Short web captions:
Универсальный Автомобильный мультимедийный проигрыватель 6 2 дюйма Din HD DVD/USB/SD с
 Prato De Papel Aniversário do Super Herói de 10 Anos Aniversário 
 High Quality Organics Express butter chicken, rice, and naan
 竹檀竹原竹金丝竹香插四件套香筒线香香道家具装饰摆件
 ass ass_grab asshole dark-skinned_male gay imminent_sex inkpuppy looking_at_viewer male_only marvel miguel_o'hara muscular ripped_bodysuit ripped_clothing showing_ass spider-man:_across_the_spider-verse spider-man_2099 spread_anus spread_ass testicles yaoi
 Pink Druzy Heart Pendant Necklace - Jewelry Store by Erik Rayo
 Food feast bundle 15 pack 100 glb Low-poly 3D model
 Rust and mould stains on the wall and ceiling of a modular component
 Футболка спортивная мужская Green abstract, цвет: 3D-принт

ABOUT THIS TASK:
Print all of the data exactly as it stands above.

SOLUTION TO THE EXERCISE:
Универсальный Автомобильный мультимедийный проигрыватель 6 2 дюйма Din HD DVD/USB/SD с
 Prato De Papel Aniversário do Super Herói de 10 Anos Aniversário 
 High Quality Organics Express butter chicken, rice, and naan
 竹檀竹原竹金丝竹香插四件套香筒线香香道家具装饰摆件
 ass ass_grab asshole dark-skinned_male gay imminent_sex inkpuppy looking_at_viewer male_only marvel miguel_o'hara muscular ripped_bodysuit ripped_clothing showing_ass spider-man:_across_the_spider-verse spider-man_2099 spread_anus spread_ass testicles yaoi
 Pink Druzy Heart Pendant Necklace - Jewelry Store by Erik Rayo
 Food feast bundle 15 pack 100 glb Low-poly 3D model
 Rust and mould stains on the wall and ceiling of a modular component
 Футболка спортивная мужская Green abstract, цвет: 3D-принт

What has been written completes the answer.